BEGIN Material provided
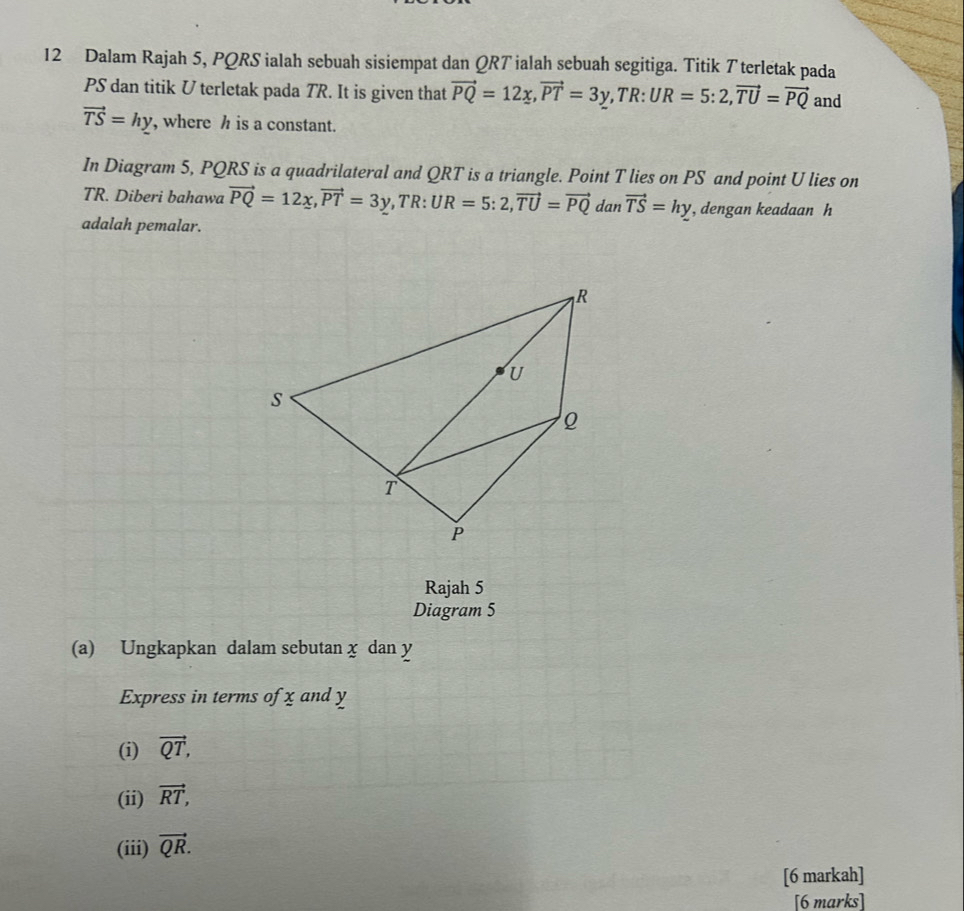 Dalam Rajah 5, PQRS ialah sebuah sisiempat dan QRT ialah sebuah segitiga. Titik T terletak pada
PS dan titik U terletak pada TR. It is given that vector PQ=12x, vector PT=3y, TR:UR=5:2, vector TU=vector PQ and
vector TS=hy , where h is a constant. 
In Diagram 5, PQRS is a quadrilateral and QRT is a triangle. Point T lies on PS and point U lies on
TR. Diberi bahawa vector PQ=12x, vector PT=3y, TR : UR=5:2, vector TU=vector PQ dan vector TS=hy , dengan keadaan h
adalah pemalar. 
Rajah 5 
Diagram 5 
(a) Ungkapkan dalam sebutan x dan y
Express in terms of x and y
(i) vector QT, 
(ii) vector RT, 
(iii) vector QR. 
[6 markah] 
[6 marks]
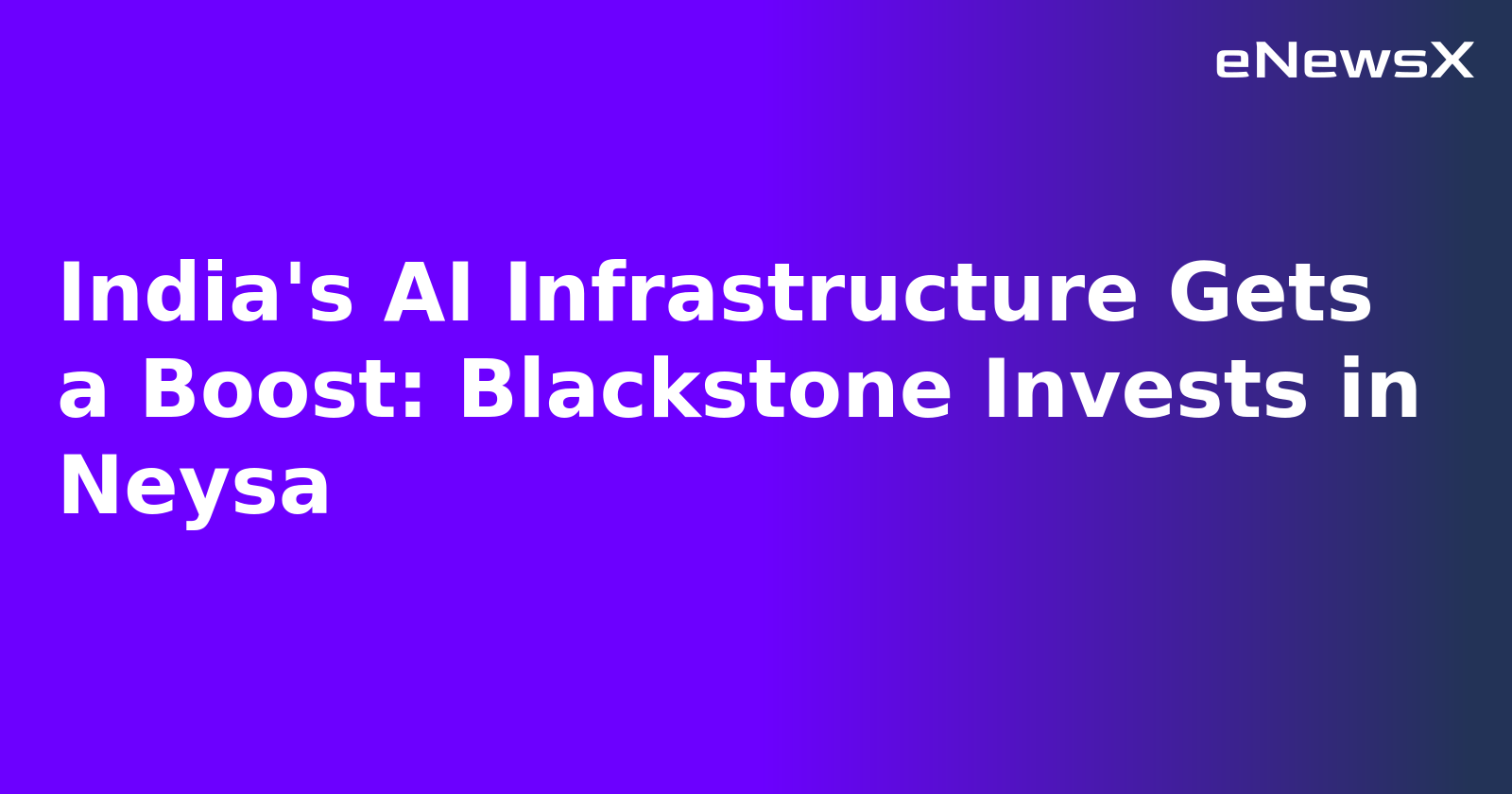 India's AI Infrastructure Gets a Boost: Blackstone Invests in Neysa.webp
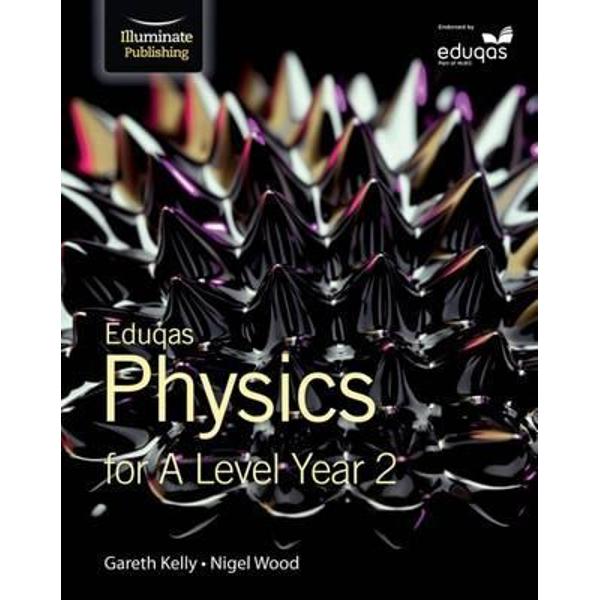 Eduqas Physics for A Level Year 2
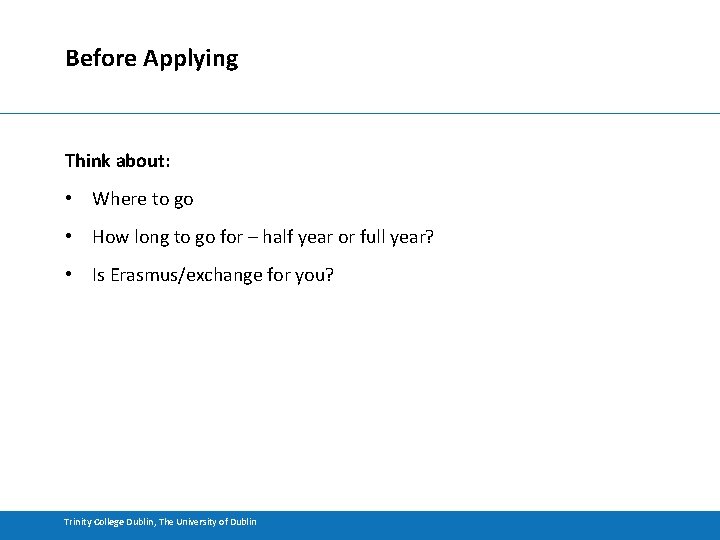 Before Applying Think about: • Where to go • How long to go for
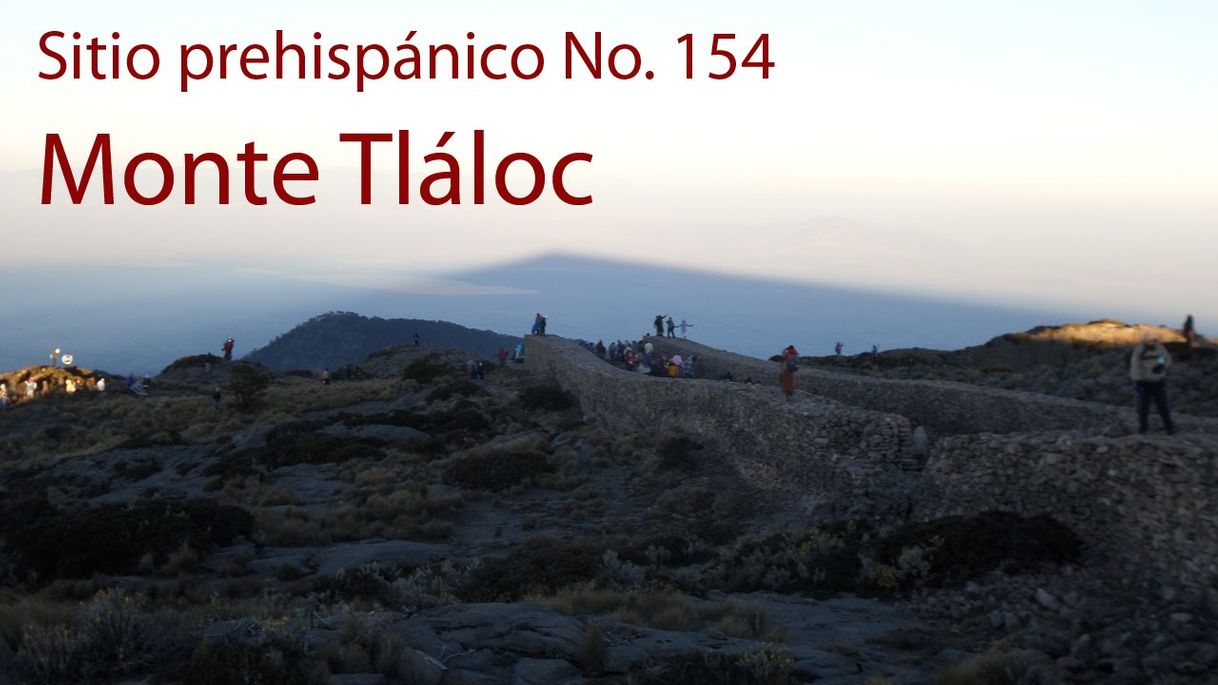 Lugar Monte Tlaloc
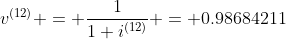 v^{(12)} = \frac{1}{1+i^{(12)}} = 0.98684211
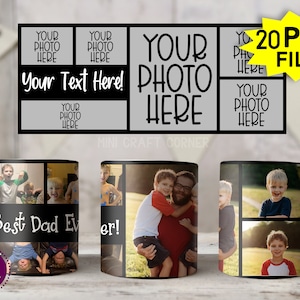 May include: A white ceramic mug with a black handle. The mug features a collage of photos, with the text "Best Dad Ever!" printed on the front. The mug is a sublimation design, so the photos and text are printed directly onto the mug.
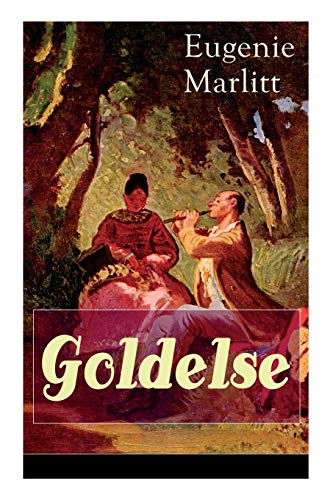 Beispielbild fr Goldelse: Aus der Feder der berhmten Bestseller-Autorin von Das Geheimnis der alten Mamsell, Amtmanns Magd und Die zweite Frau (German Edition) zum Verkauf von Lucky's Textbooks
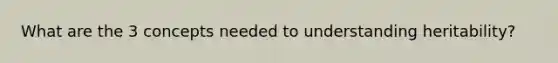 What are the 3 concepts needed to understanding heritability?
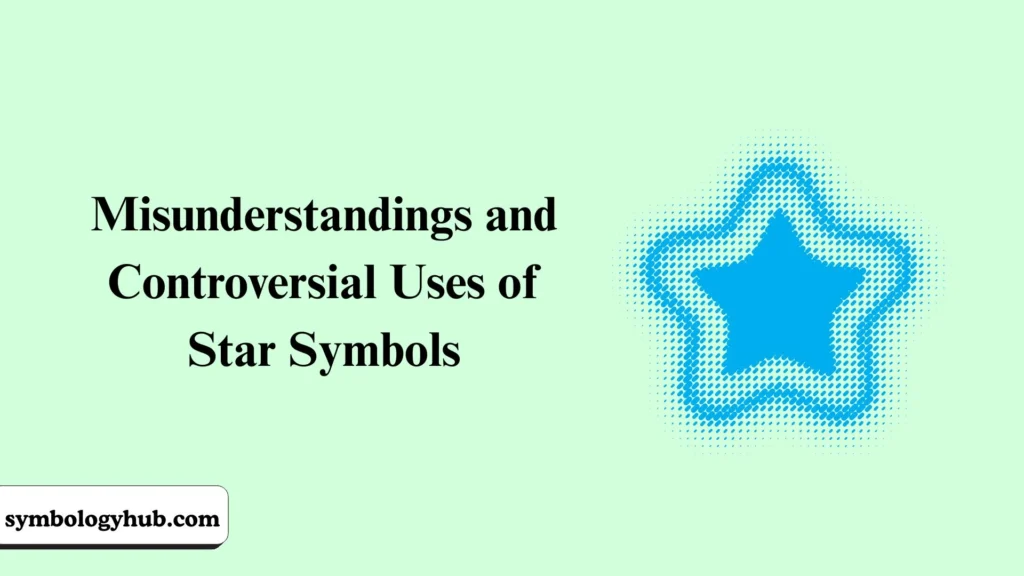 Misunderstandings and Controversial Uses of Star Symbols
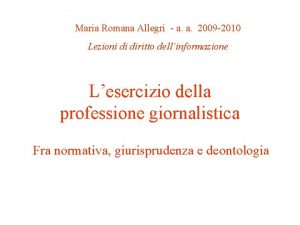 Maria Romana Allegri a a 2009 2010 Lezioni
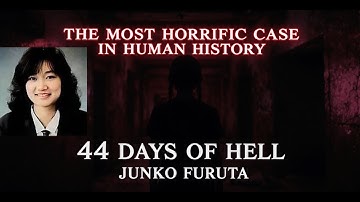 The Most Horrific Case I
END Material provided
* **Exercise brief**
Filter the records above and return every line that holds the word "vector".

* **Answer area**
PS dan titik U terletak pada TR. It is given that vector PQ=12x, vector PT=3y, TR:UR=5:2, vector TU=vector PQ and
vector TS=hy , where h is a constant. 
TR. Diberi bahawa vector PQ=12x, vector PT=3y, TR : UR=5:2, vector TU=vector PQ dan vector TS=hy , dengan keadaan h
(i) vector QT, 
(ii) vector RT, 
(iii) vector QR. 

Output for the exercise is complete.